MATERIAL PROVIDED:
_ _ _ _ _

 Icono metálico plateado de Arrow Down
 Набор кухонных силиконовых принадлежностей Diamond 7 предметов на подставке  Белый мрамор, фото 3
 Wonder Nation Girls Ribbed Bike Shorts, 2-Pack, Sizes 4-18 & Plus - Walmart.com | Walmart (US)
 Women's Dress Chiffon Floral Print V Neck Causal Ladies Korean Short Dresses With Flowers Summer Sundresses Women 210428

_ _ _ _ _

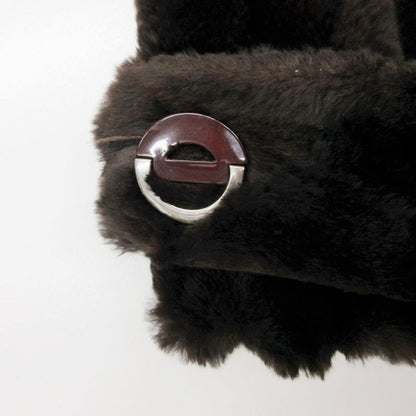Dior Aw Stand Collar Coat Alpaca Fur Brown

_ _ _ _ _

TASK INSTRUCTIONS: Within the material above, output exactly the lines from the one with "Icono metálico plateado de Arrow Down" through the one with "Women's Dress Chiffon", end lines included, and nothing besides.

SOLUTION TO THIS TASK:
 Icono metálico plateado de Arrow Down
 Набор кухонных силиконовых принадлежностей Diamond 7 предметов на подставке  Белый мрамор, фото 3
 Wonder Nation Girls Ribbed Bike Shorts, 2-Pack, Sizes 4-18 & Plus - Walmart.com | Walmart (US)
 Women's Dress Chiffon Floral Print V Neck Causal Ladies Korean Short Dresses With Flowers Summer Sundresses Women 210428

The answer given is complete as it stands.